The problem of inconsistent effects between torchsparse's conv3d downsampling and minkowski's

Jovendish commented 1 year ago

I'm using torchsparse's conv3d to do a downsampling operation with stride 2, but found that this operation not only reduces the size of the feature tensor, but also the coordinates, which is inconsistent with minkowski's performance. I was hoping to find a way to make torchsparse's conv3d's downsampling operation consistent with minkowski.

I checked the documentation of torchsparse but didn't find a relevant solution.

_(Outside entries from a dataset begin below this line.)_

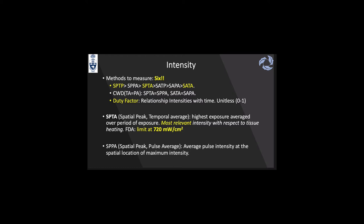The Spatial Peak Pulse Average (SPPA) is the average pulse intensity at the spatial location of maximum intensity. To summarize: Spatial Peak Temporal Peak (SPTP) is the highest intensity of all; Spatial Average Temporal Average (SATA) is the smallest intensity of all; and Spatial Peak Temporal Average (SPTA) is the most relevant intensity with respect to tissue heating. The duty factor is the relationship between intensities with time — it is unitless and goes from 0 to 1.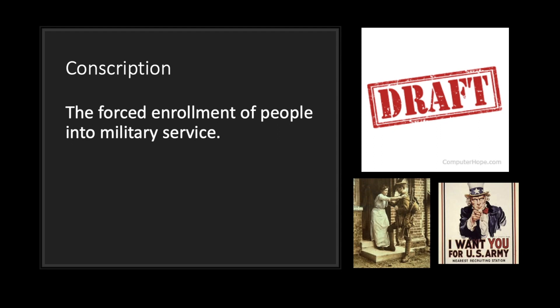The next word we have is conscription. This is to force enrollment of people into military service. If you've ever heard anybody talk about the draft in World War II, that's an example of conscription. Basically, people don't voluntarily go into the war — they don't necessarily want to — but the government tells them they're going to come into the war and help fight.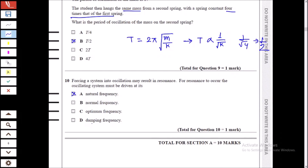This is a straightforward theoretical question. Resonance occurs when an object is oscillated at its natural frequency. 'Normal frequency,' 'optimum frequency,' and 'damping frequency' are not correct terms. The only correct term is natural frequency, so A is the answer.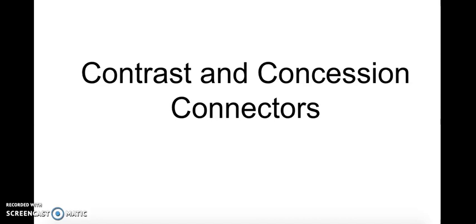Hello and welcome to this grammar lesson. In this lesson we'll be looking at contrast and concession connectors. Okay, so let's begin.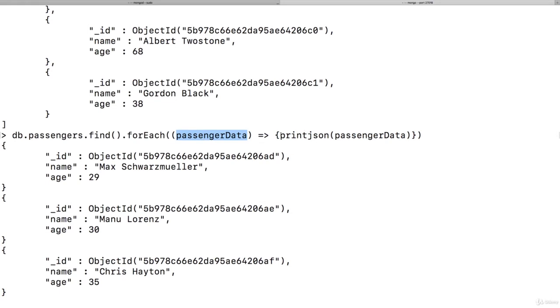And then here we just happen to print it out. Like this in your application with your favorite language, you can of course do to the data whatever you want to do, render it onto an HTML page, send it with an HTTP request, whatever you need to do.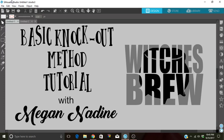Hello everyone, this is Megan Aideen with the Silhouette Cameo Fun Project Inspirations admin team. Today I'm going to do a quick tutorial that was requested of me regarding the basic knockout method.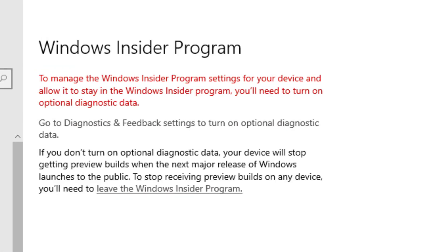Hi everyone. Your privacy is important, so you're in control of how much of your data you share. But to run Windows 10 Insider Preview Builds, you must allow us to see a certain amount of diagnostic data, so they can investigate issues you might see, like crashes and bugs.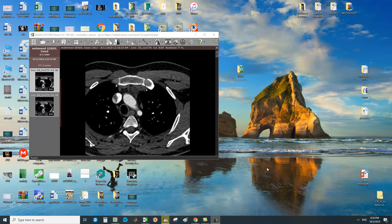Bismillahirrahmanirrahim. I'm Dr. Mohammed Gabriel, a cardiac imaging senior registrar at the National Heart Institute, one heart center. In this rapid preview, we will discuss the ways of getting the cardiac accesses via the full or free versions of RadiAnt DICOM viewer.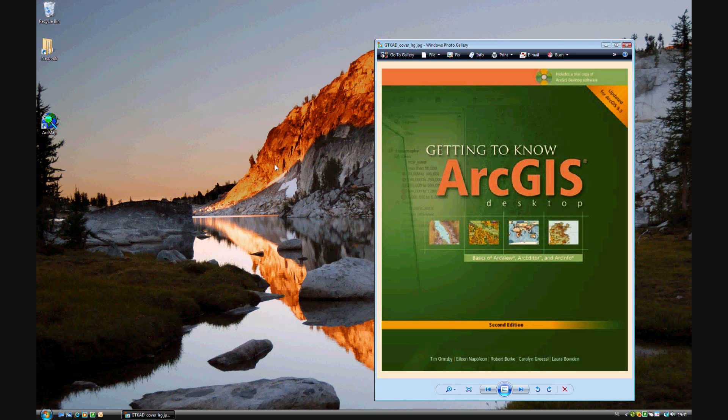Okay, welcome. This is John, Chapter 10 of Getting to Know ArcGIS Desktop, updated for ArcGIS 9.3.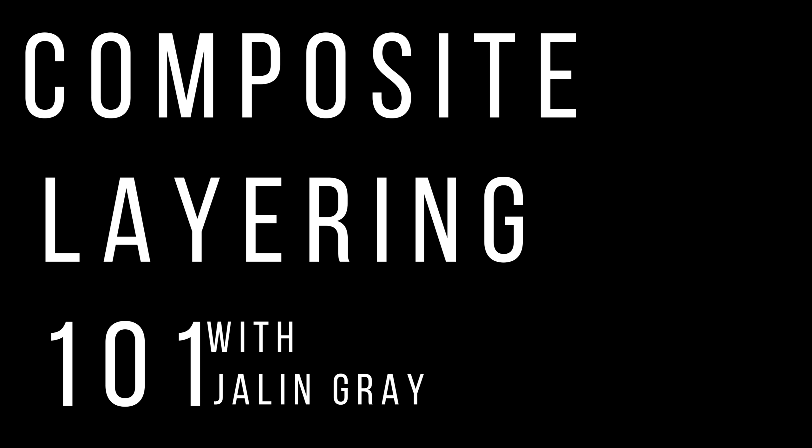Hello everyone, my name is Jalen, and we're going to be talking about the basics of composite layering. Let's begin, shall we?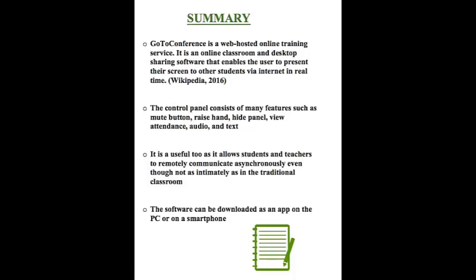Please now take the next few minutes to take an evaluation and take an assessment. The evaluation will consist of three minutes as well as the assessment. So, please take your time. Thank you.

Is there any other parameter setting or custom operation method that can make torchsparse's conv3d downsampling operation consistent with minkowski? If you have any suggestions or guidance I would be very grateful.

Details

![WechatIMG10](https://github.com/mit-han-lab/torchsparse/assets/25397930/d321bdba-f61b-4ceb-a820-a1dfdab7566d) ![WechatIMG11](https://github.com/mit-han-lab/torchsparse/assets/25397930/d9d041e8-1903- 4308-847c-b3987b67c739)

zhijian-liu commented 1 year ago

When applying a downsampling operation with a stride of 2, the coordinates are effectively halved. If you wish to maintain the original coordinate scale, you can easily achieve this by multiplying the coordinates by 2.

Jovendish commented 1 year ago

thanks for your reply.

In my code, I have three layers of downsampling operations. I have tried to scale the coordinates back to their original scale by multiplying them by two after each downsampling layer. However, I have noticed that this operation only works for the first downsampling layer, as the subsequent downsampling layers yield the same results. I'm unsure if I made a mistake in my implementation or if I have encountered some specific mechanism in torchsparse.

Partial code

` F.set_conv_mode(2) F.set_kmap_mode('hashmap') F.set_downsample_mode('minkowski') class Encoder(torch.nn.Module): def __init__(self, channels=[1, 16, 32, 64, 32, 8]): super().__init__() self.stack_0 = nn.Sequential( spnn.Conv3d(channels[0], channels[1], 3, 1, bias=True), spnn.ReLU(inplace=True), spnn.Conv3d(channels[1], channels[2], 2, 2, bias=True), # DownScale spnn.ReLU(inplace=True), ) self.stack_1 = nn.Sequential( spnn.Conv3d(channels[2], channels[2], 3, 1, bias=True), spnn.ReLU(inplace=True), spnn.Conv3d(channels[2], channels[3], 2, 2, bias=True), # DownScale spnn.ReLU(inplace=True), ) self.stack_2 = nn.Sequential( spnn.Conv3d(channels[3], channels[3], 3, 1, bias=True), spnn.ReLU(inplace=True), spnn.Conv3d(channels[3], channels[4], 2, 2, bias=True), # DownScale spnn.ReLU(inplace=True), ) def forward(self, x): out_0 = self.stack_0(x) out_0.C[:, 1:] *= 2 out_1 = self.stack_1(out_0) out_1.C[:, 1:] *= 2 out_2 = self.stack_2(out_1) out_2.C[:, 1:] *= 2 return [out_2, out_1, out_0] `

Result

![WechatIMG21893](https://github.com/mit-han-lab/torchsparse/assets/25397930/f4b0652c-7c48-45ba-ba1b-d0ddf9aa26f7) ![WechatIMG21894](https://github.com/mit-han-lab/torchsparse/assets/25397930/12c57c03-5fb4-499e-a8ba-c804fec93a52) ![WechatIMG21895](https://github.com/mit-han-lab/torchsparse/assets/25397930/af022bdb-d37a-4df6-a853-ca14432f7c47) ![WechatIMG21896](https://github.com/mit-han-lab/torchsparse/assets/25397930/5ea5c33f-8f65-44c6-9463-0e7fc43e0cb6)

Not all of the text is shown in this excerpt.